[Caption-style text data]
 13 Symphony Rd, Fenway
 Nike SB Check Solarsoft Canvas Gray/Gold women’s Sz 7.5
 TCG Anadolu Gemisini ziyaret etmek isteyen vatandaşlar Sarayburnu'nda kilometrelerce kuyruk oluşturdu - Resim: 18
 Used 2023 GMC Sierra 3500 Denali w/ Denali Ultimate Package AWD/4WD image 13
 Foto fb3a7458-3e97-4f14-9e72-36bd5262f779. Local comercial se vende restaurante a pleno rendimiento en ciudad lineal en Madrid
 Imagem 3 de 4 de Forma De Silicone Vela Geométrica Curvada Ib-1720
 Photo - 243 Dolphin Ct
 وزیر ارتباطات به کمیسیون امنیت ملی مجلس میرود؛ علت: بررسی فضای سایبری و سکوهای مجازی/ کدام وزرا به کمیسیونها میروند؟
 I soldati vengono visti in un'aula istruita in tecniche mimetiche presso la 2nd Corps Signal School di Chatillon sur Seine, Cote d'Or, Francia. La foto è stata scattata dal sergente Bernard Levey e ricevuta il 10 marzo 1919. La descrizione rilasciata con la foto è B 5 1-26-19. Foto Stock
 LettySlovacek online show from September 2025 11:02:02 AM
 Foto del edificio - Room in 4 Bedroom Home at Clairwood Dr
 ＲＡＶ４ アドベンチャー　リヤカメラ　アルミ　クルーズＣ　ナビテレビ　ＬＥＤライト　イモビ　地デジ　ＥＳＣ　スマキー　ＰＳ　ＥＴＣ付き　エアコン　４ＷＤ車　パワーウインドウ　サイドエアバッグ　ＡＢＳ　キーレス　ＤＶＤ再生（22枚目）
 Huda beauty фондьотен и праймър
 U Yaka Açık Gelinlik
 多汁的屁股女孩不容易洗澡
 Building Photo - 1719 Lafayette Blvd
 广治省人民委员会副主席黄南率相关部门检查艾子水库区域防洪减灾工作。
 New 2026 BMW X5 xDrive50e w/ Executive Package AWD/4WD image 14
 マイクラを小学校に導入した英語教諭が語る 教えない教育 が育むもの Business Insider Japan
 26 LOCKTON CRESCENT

▶ Task prompt
Word for word, retype the lines from the one containing "Huda beauty фондьотен и праймър" through the final line of the data, including both ends and nothing more.

▶ Result below
 Huda beauty фондьотен и праймър
 U Yaka Açık Gelinlik
 多汁的屁股女孩不容易洗澡
 Building Photo - 1719 Lafayette Blvd
 广治省人民委员会副主席黄南率相关部门检查艾子水库区域防洪减灾工作。
 New 2026 BMW X5 xDrive50e w/ Executive Package AWD/4WD image 14
 マイクラを小学校に導入した英語教諭が語る 教えない教育 が育むもの Business Insider Japan
 26 LOCKTON CRESCENT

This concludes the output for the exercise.